Friday 6 July 2018

Week 13 Friday (Year 2)

Readings: Amos 8:4-6, 9-12; Psalm 119; Matthew 9:9-13

The gospel of Matthew can seem ordinary compared with the other three. Each of the others seems more exotic in some way, more unusual. Luke, represented by the ox, gives us more of the compassion of Jesus, more about women, and great parables not recorded elsewhere. John, represented by the eagle, soars to mystical heights and theological depths. Mark, represented by the lion, is more existentialist, surreal in parts, focused on secrets and suffering.

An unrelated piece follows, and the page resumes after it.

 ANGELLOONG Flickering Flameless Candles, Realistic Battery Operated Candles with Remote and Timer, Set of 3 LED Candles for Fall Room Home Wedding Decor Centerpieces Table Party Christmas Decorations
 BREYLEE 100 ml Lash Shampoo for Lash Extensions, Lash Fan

But Matthew is represented by the human being and is more ordinary. It is concerned with keeping things going and with holding things together. In this it is more social, perhaps even more 'churchy'. It is concerned with tradition and community, ways in which things will be held together. It gives us more of the history of things, the time before Jesus in his genealogy and it speaks of the time after Jesus, with the sending of the disciples. It speaks of continuity in the fulfillment of Old Testament promises. It stresses the abiding presence of Jesus in the community of his disciples: where two or three are gathered in his name, behold I am with you always, and the figure of Peter with his particular responsibility in the church is a confirmation of the continuing help of the Lord.

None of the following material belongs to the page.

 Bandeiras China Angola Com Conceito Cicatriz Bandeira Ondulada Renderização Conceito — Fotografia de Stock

Matthew is more ordinary, more human, then, than the other gospels. The call of Matthew is encouraging as the conversions of Paul and Peter, of Augustine and Teresa of Avila, are encouraging. Grace is not powerless before sin because where sin abounds, grace abounds all the more. But neither is grace powerless before the ordinary, routine, perhaps mediocre, turning of our days.

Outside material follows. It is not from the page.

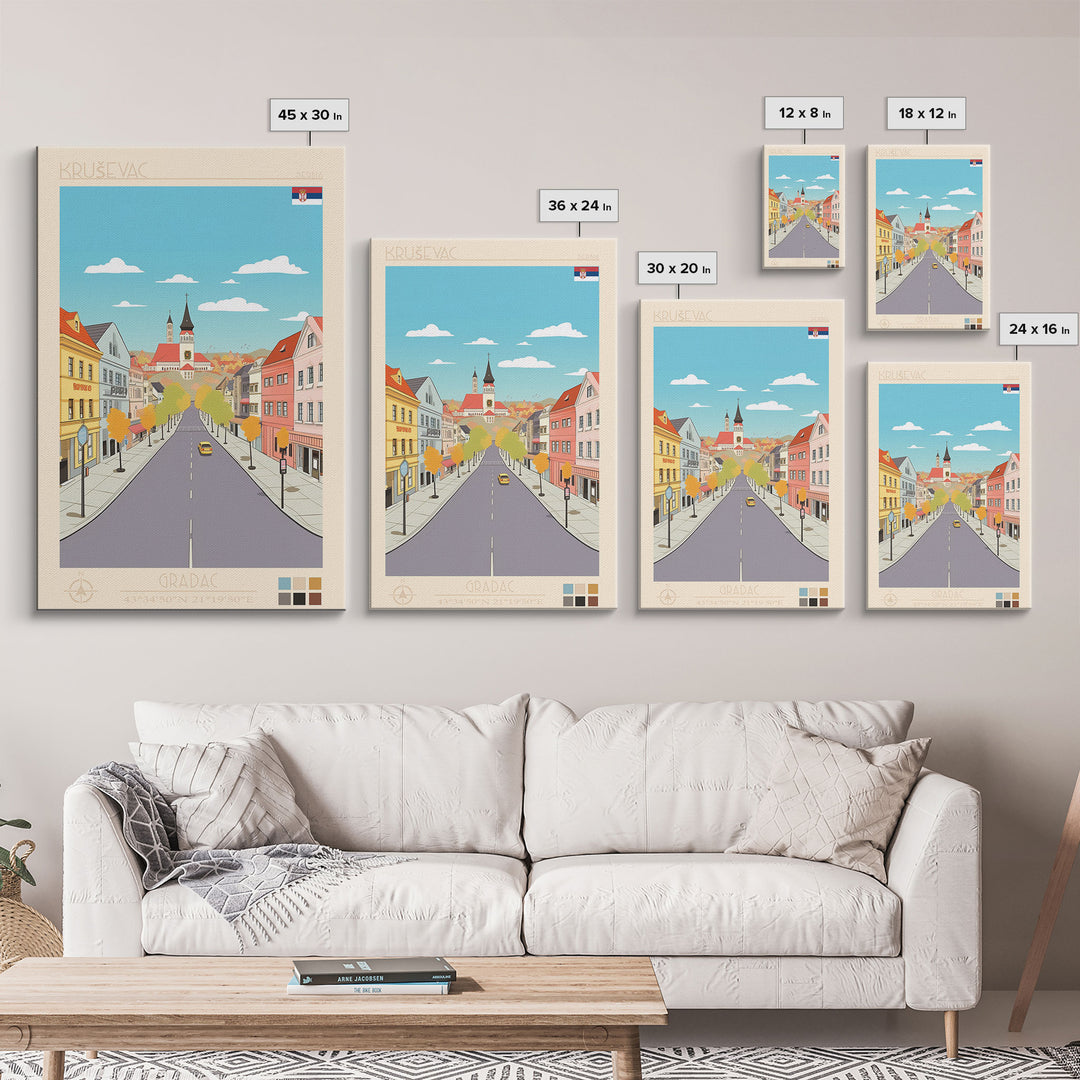 Kruševac Serbia Travel Poster Framed Canvas Print, Midcentury Modern Art, Pop Art Wall Decor, Scenic Living Room Art, Bedroom Gift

Christ came to call sinners, not those who are well. And he came to call ordinary and mediocre sinners not just the dramatically apostate, the desperately corrupt, the cruel and the callous. He came for those whose sins are mainly cowardice and weakness. Likewise he came not just for those tuned in to the mysticism of John or the existentialism of Mark or the dramatic emotional power of Luke. He came also for those who feel more secure in Matthew's world, a world of law and tradition, of social organisation and custom, of continuity and reliability.